***** INPUT DATA *****
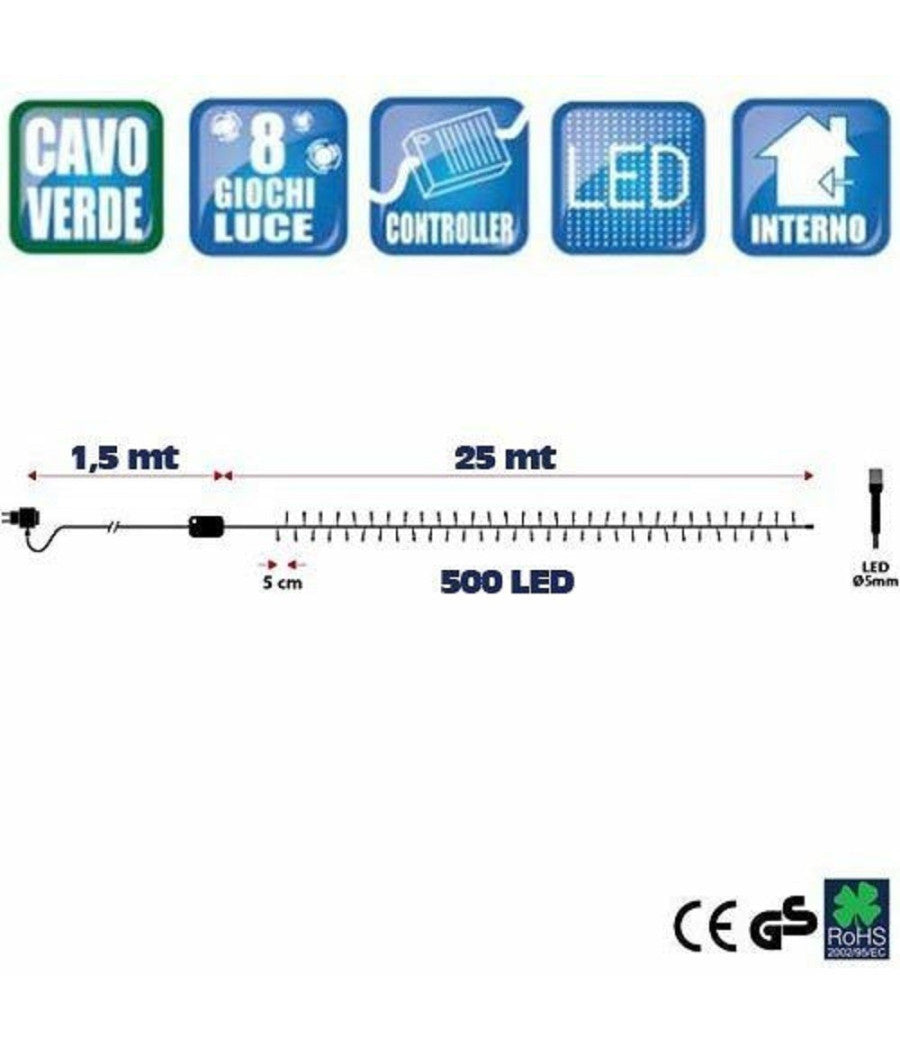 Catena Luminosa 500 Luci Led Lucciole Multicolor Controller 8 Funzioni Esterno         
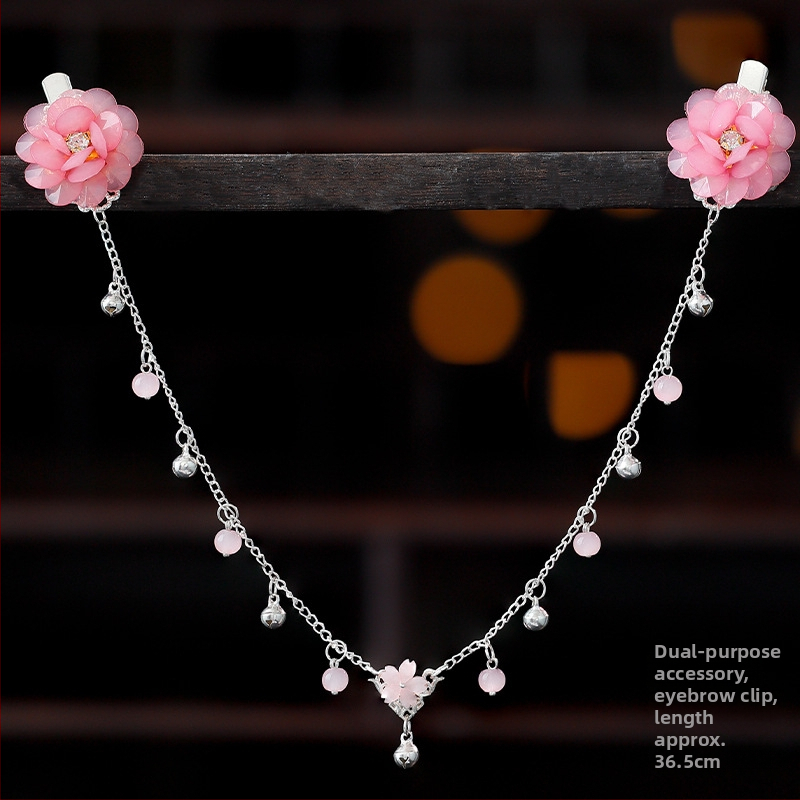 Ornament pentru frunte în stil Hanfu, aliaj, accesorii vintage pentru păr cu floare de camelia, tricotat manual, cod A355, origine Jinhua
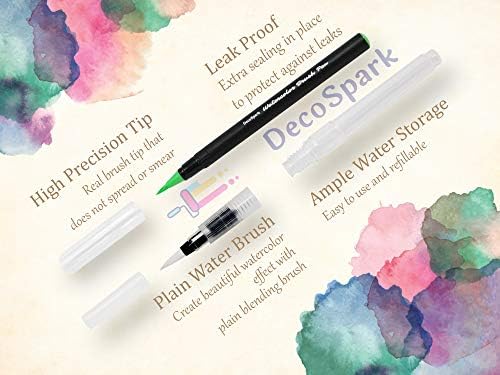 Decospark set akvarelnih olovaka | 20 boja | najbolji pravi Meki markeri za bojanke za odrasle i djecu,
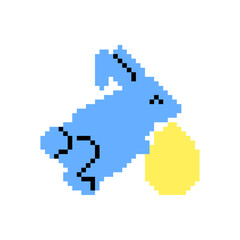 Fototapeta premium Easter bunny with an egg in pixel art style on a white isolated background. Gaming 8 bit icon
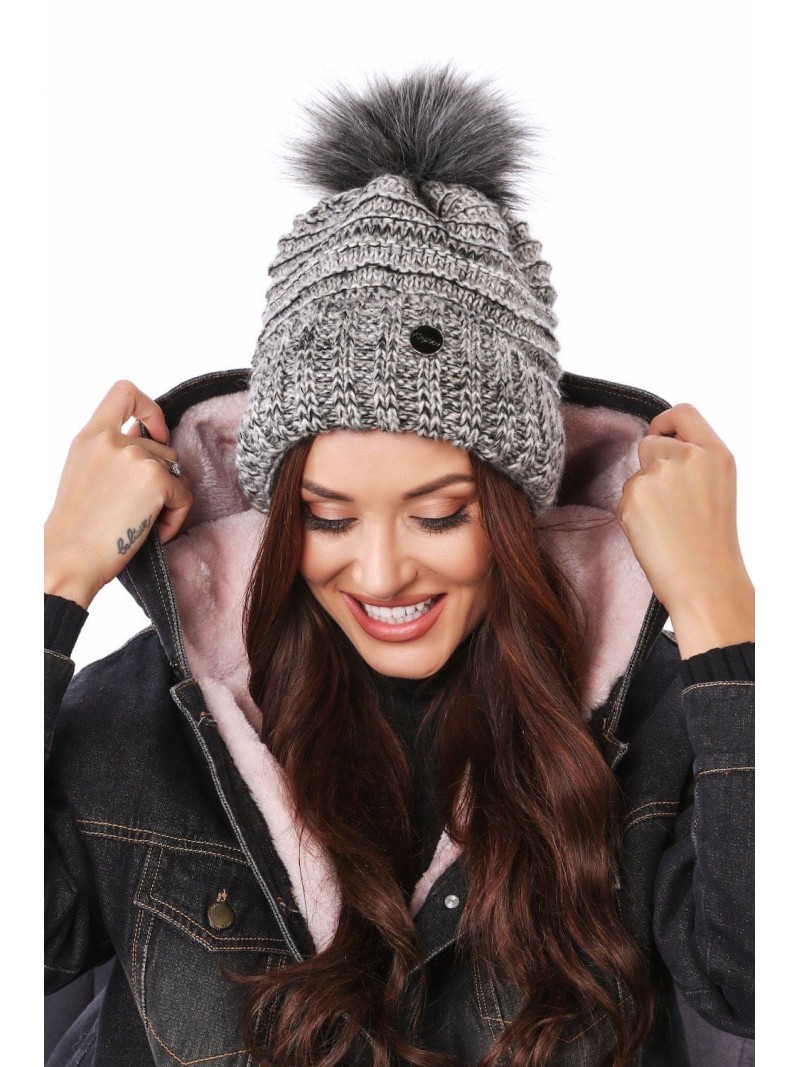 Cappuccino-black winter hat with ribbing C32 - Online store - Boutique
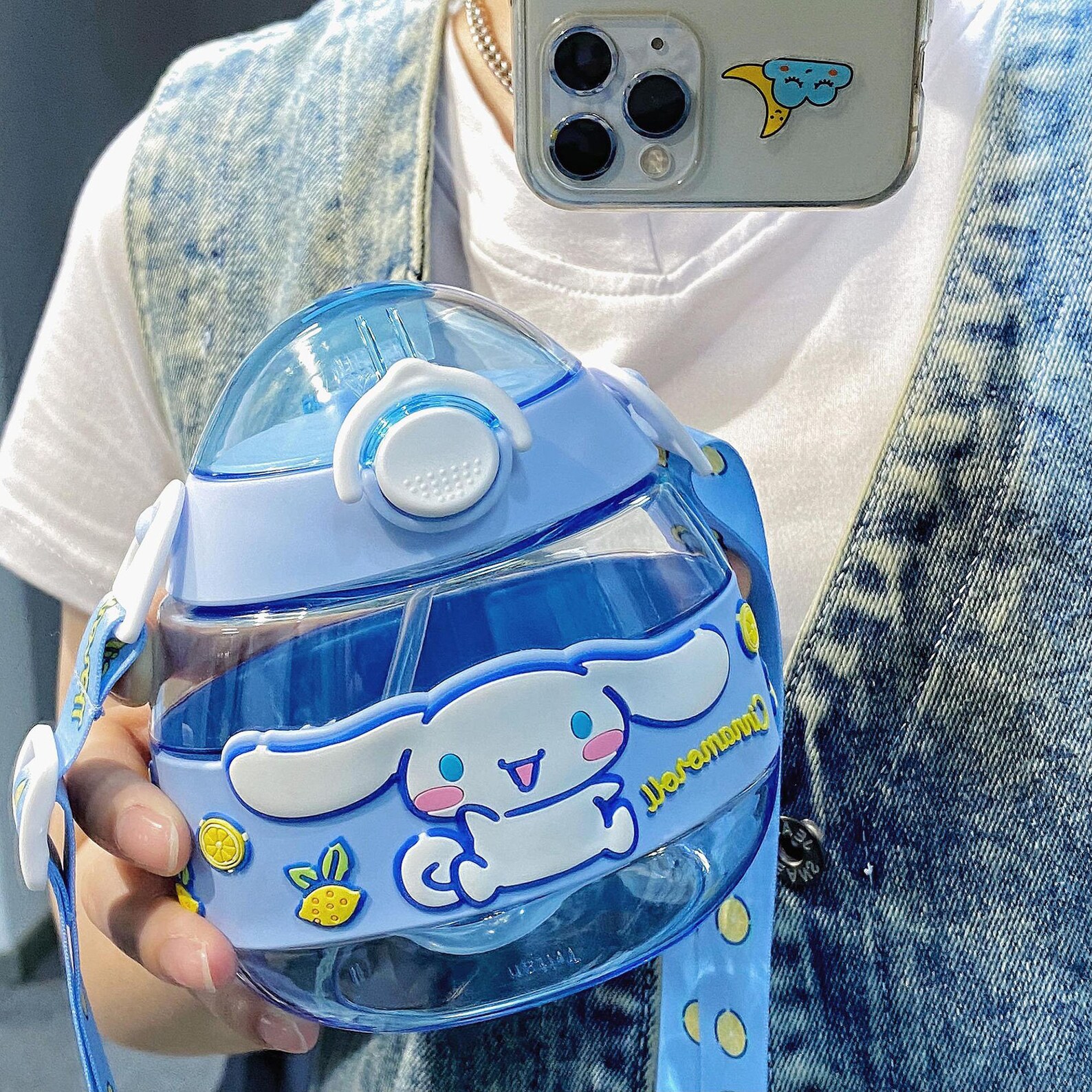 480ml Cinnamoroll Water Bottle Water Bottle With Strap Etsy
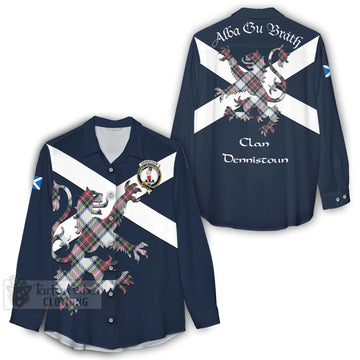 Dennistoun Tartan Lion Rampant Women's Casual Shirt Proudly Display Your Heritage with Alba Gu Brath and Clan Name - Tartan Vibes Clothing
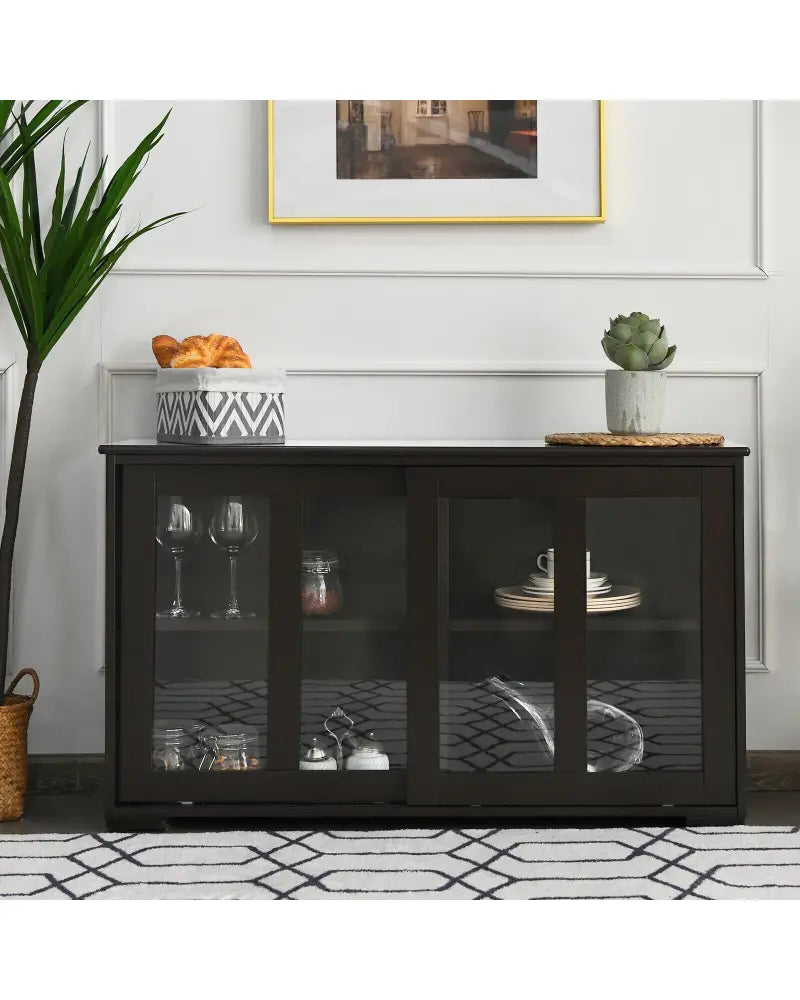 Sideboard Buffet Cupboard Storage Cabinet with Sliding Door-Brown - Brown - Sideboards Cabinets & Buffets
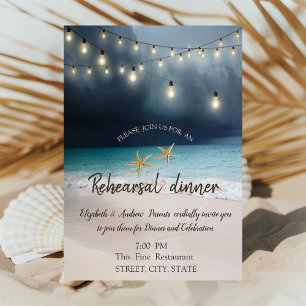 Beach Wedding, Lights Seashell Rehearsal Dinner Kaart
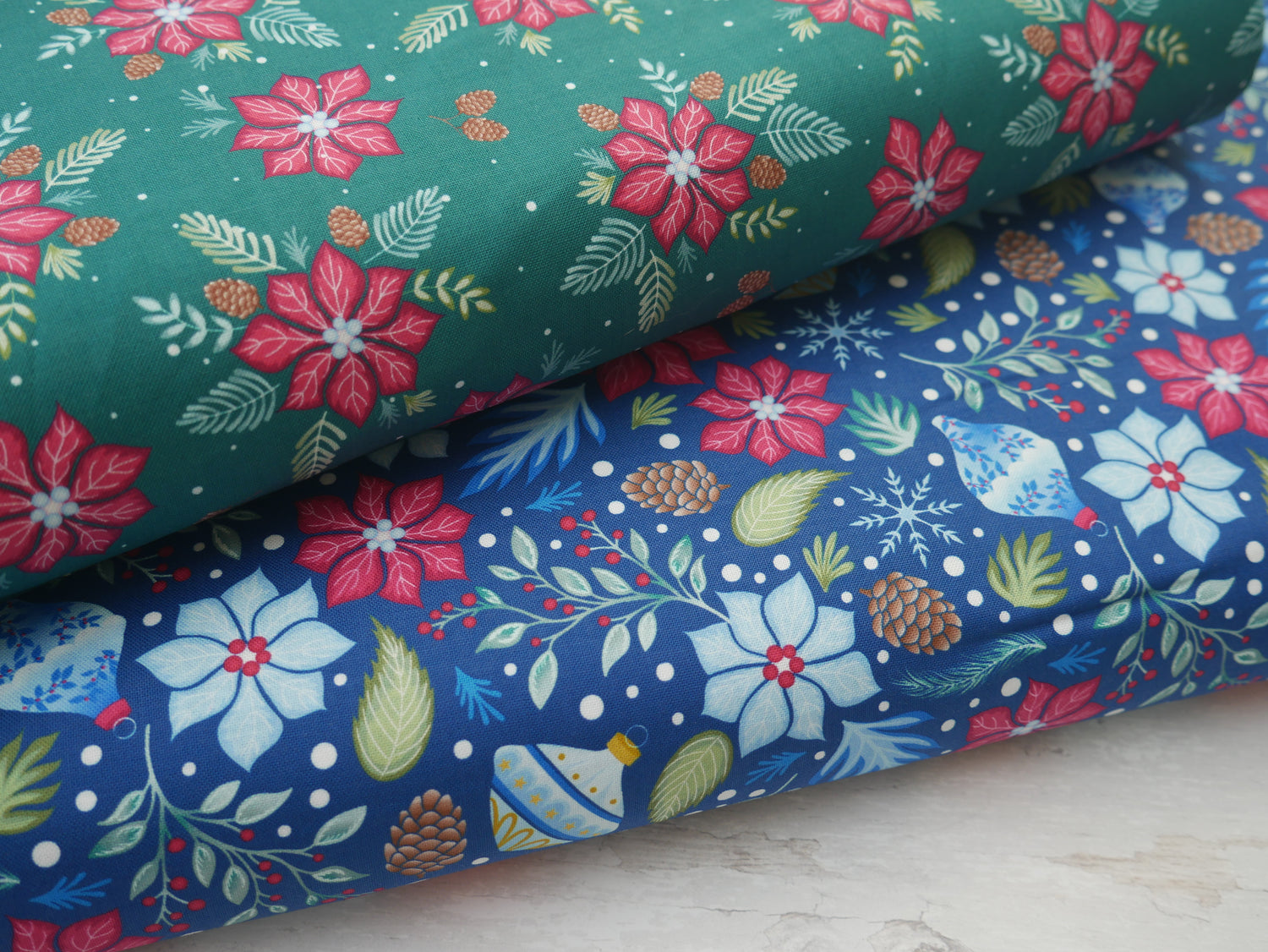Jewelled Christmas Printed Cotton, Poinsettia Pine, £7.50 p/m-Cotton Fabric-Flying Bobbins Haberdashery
*****
◆ **AIM OF THE TASK**
Please copy the data above word for word, but only from the line that contains "Beach Wedding, Lights" through the final line, both included, and without the pictures.

◆ **TASK RESULT**
 Beach Wedding, Lights Seashell Rehearsal Dinner Kaart
Jewelled Christmas Printed Cotton, Poinsettia Pine, £7.50 p/m-Cotton Fabric-Flying Bobbins Haberdashery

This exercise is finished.